*** Information supplied Section Begins ***
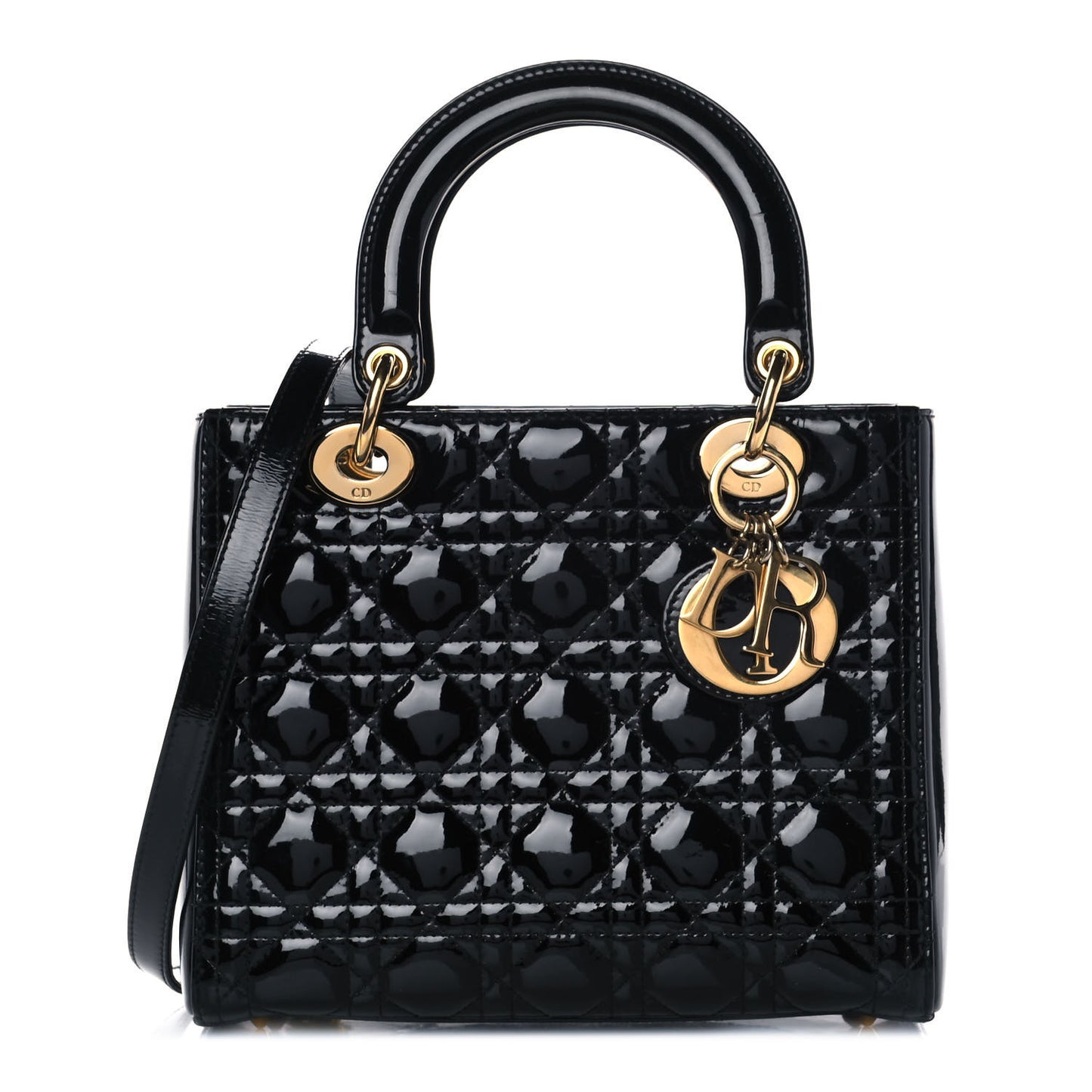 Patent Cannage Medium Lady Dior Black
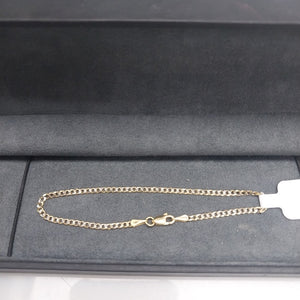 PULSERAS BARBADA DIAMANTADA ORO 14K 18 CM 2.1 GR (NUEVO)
*** Information supplied Section Ends ***
*** Information supplied Section Begins ***
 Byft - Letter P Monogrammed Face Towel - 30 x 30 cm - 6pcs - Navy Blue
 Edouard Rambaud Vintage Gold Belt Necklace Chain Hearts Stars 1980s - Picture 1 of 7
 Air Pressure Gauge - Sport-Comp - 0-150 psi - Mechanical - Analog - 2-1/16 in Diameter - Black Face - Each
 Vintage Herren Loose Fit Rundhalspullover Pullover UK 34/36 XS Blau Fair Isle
*** Information supplied Section Ends ***
*** Information supplied Section Begins ***
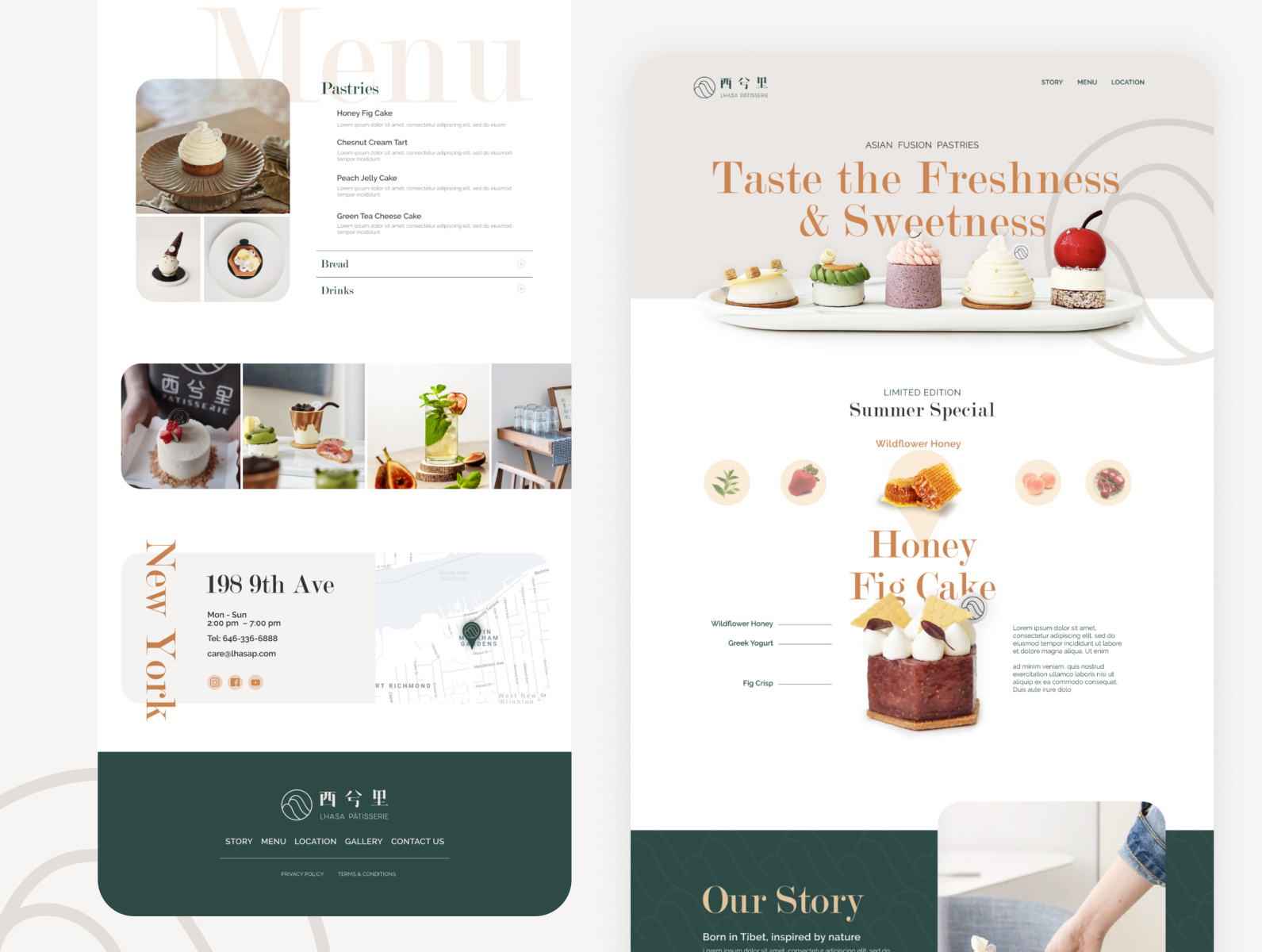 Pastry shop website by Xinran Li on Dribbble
*** Information supplied Section Ends ***
For the entries above, print exactly the lines between the one with "Patent Cannage Medium Lady Dior Black" and the one with "PULSERAS BARBADA DIAMANTADA", inclusive, with no pictures.

 Patent Cannage Medium Lady Dior Black
 PULSERAS BARBADA DIAMANTADA ORO 14K 18 CM 2.1 GR (NUEVO)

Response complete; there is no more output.